TASK INSTRUCTIONS:
Your reply should hold every record exactly as given, with no pictures in it.

THE DATA:

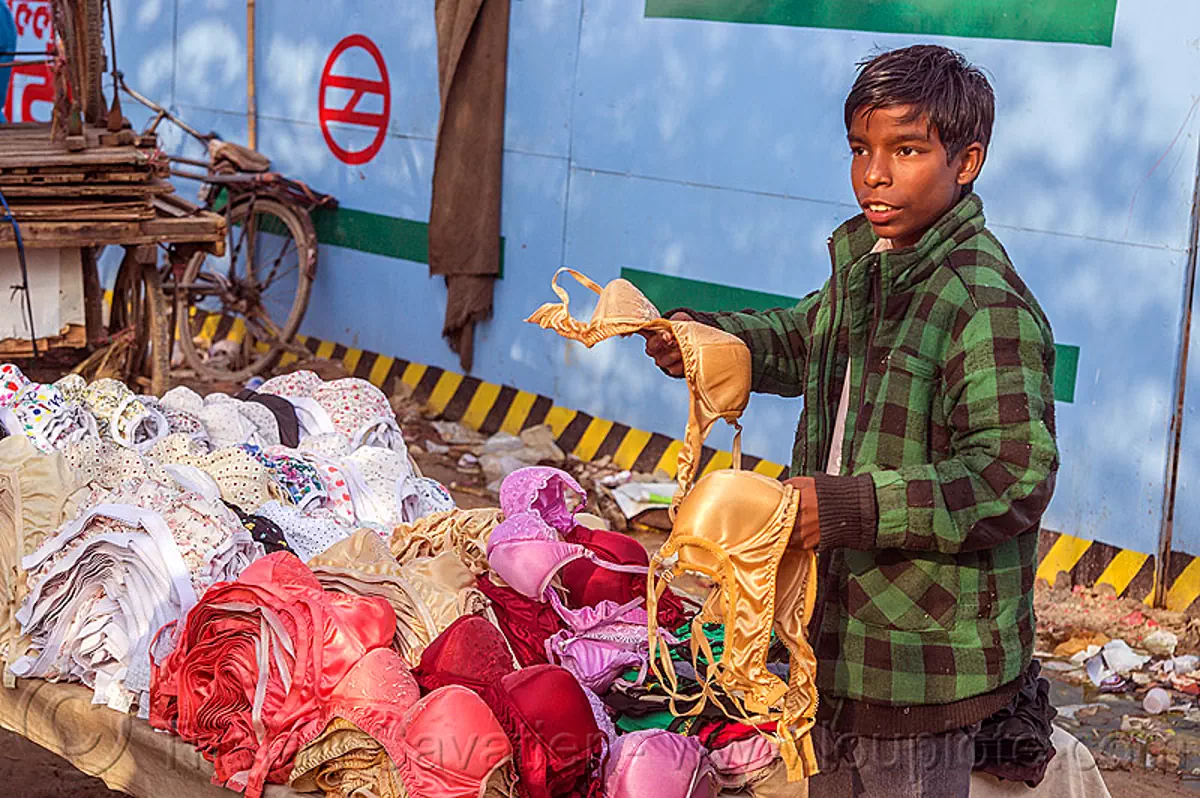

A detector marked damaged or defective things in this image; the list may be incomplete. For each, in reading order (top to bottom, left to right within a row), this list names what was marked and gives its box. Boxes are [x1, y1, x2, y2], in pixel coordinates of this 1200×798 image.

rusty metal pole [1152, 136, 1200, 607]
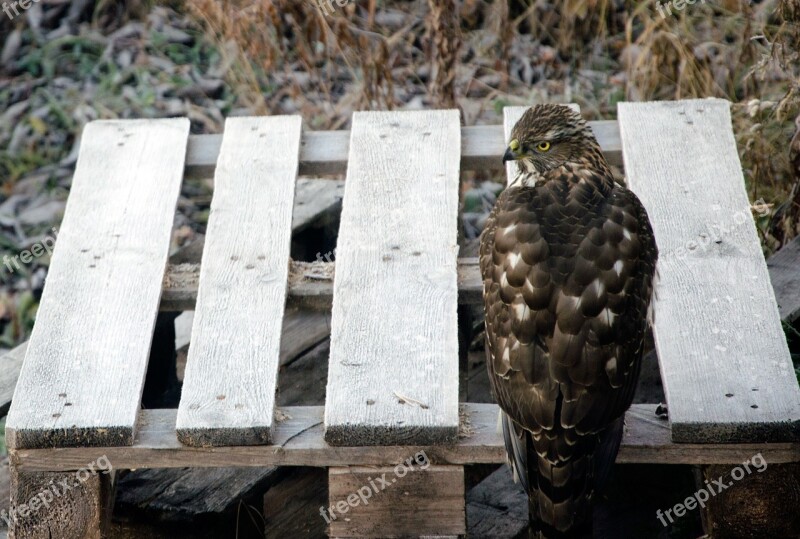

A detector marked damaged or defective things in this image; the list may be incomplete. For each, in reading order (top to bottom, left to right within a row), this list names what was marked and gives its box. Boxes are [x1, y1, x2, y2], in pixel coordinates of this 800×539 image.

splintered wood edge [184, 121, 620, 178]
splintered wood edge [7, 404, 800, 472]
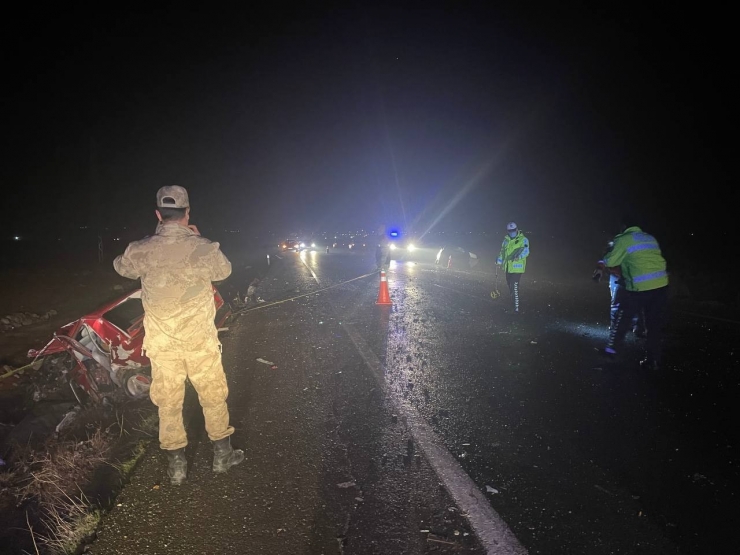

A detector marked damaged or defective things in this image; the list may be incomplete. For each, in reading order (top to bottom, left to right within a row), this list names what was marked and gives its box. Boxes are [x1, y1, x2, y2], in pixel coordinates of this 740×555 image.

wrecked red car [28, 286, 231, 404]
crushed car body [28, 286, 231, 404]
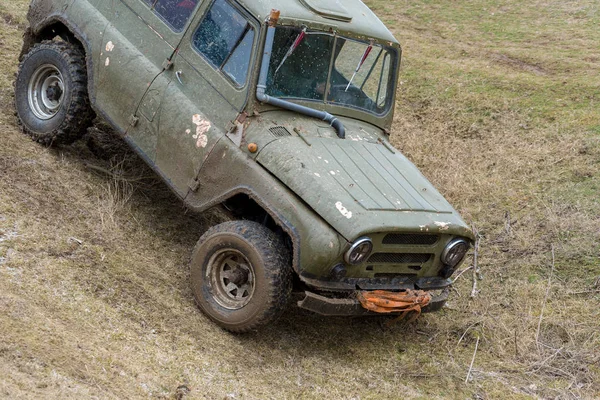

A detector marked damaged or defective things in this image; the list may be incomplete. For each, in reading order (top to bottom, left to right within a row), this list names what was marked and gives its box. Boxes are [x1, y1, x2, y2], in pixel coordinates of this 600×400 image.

REPLY TO THE TASK:
A detector marked damaged or defective things in this image; the list may be incomplete. For each, in reading order (top to bottom, left to right within a row), this list names what was marked and gives its box. Boxes are [x1, y1, x2, y2], in pixel coordinates of this 1200×798 image.

rusty metal pole [1152, 136, 1200, 607]

A detector marked damaged or defective things in this image; the list may be incomplete. For each, in reading order (top to bottom, left to right within a row), this list names what was marked and gives its box. Boxes are [x1, y1, x2, y2], in pixel coordinates of this 800×539 image.

splintered wood edge [184, 121, 620, 178]
splintered wood edge [7, 404, 800, 472]

A detector marked damaged or defective things in this image; the list may be incomplete. For each, in reading order (top to bottom, left to right within a row), this list names what was marked and gives its box. Boxes are [x1, y1, x2, y2], in pixel coordinates of this 740×555 image.

wrecked red car [28, 286, 231, 404]
crushed car body [28, 286, 231, 404]

A detector marked damaged or defective things in this image; the list may be incomplete. For each, in reading order (top to bottom, left to right within a row), this list names what was marked and gives its box. Boxes are [x1, y1, x2, y2], in pixel coordinates of this 600×400 image.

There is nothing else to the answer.